Single by the Velvet Underground

from the album Loaded
- A-side: "Sweet Jane"
- Released: August 1973
- Recorded: April 15, 1970
- Genre: Proto-punk; rock;
- Length: 4:47
- Label: Atlantic
- Songwriter: Lou Reed
- Producers: Geoff Haslam; Shel Kagan; The Velvet Underground;

= Rock & Roll (The Velvet Underground song) =

1973 single by the Velvet Underground

"Rock & Roll" (sometimes spelled Rock 'n' Roll) is a song by the Velvet Underground, originally appearing on their 1970 album Loaded. The song was written by the Velvets' leader Lou Reed, who continued to incorporate the song into his own live performances years later as a solo artist. The song has been recorded multiple times by other artists.

==Velvet Underground version (Original)==
===Background===
The song recounts the advent of rock and roll music, telling the story of a girl named Jenny whose "...life was saved by rock 'n' roll."

In the liner notes to the Velvet Underground's box set Peel Slowly and See, Lou Reed wrote, Rock and Roll' is about me. If I hadn't heard rock and roll on the radio, I would have had no idea there was life on this planet. Which would have been devastating - to think that everything, everywhere was like it was where I come from. That would have been profoundly discouraging. Movies didn't do it for me. TV didn't do it for me. It was the radio that did it."
===Personnel ===

- Lou Reed - vocals, guitars
- Doug Yule - bass guitar, drums, keyboards, vocals
- Sterling Morrison - guitars

===Other appearances===
The song also appears on the albums 1969: The Velvet Underground Live; Live MCMXCIII; Loaded: Fully Loaded Edition; American Poet; Another View; Rock 'n' Roll Animal; Live in Italy; Rock and Roll: an Introduction to The Velvet Underground.; Rock and Roll Diary: 1967–1980.
==Detroit version==

Mitch Ryder's band Detroit, which featured Lou Reed's future guitarist Steve Hunter, performed one of the first cover versions of the song in 1971, changing the lyric "New York station" to "Detroit station".

===Background===
The group recorded the song "Rock 'N' Roll". It was backed with "Box of Old Roses" and released on Paramount 0133.

===Reception===
For the week of 11 December 1971, the group's single "Rock 'n' Roll" was reviewed in the Cash Box Choice Programming section. The reviewer called the single potent stuff and said that it had Top 40 FM interest.

===Charts===
====Cash Box====
With Detroit's self-titled album debuted having debuted at no. 150 on the Cash Box Top Albums chart, 101 - 150 section the previous week,. their single, "Rock 'n' Roll" made its debut at no. 24 in the Cash Box Looking Ahead chart for the week of 18 December. By 25 December it was at no. 27. At the time, the songs were numbered from 1 - 30. For the week of 1 January 1972, the song was at no. 115 and the songs were listed from 101 - 120. The following week, with the songs listed from 101 - 126, "Rock 'n' Roll" was at no. 107. For the week of 15 January, the single reached no. 105 on the Looking Ahead chart. It then debuted at no. 97 on the Cash Box Top 100 for the week of 22 January. The single peaked at no. 95 for the week of 29 January.

====Billboard====
The single also made it no. 107 on the Billboard chart.

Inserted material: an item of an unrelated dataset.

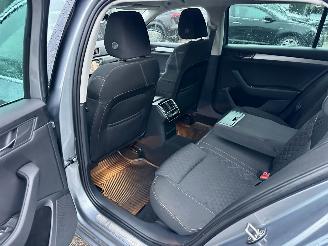 Skoda Superb 2.0 TDI 150pk 6-bak euro.6 Style Bus - nap - navi - camera - front + side + park assist - keyless entry + start picture 56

==Other notable covers and pop culture uses==
Other artists to cover the song include The Runaways, changing the aforementioned lyric to "L.A. station". The band Jane's Addiction, though also from Los Angeles, uses Reed's original "New York station" in its cover version of the song.

"Rock & Roll" has appeared in a number of films, including A Guide to Recognizing Your Saints, Rock 'n' Roll High School and SLC Punk!

A clip of the Velvet Underground performing the song is played on completion of the Rock & Roll wonder in Civilization IV. In addition, the quote about researching the technology "Radio," read by Leonard Nimoy, is "...then one fine morning she puts on a New York station.... You know, her life was saved by rock & roll." The quote is credited to Lou Reed.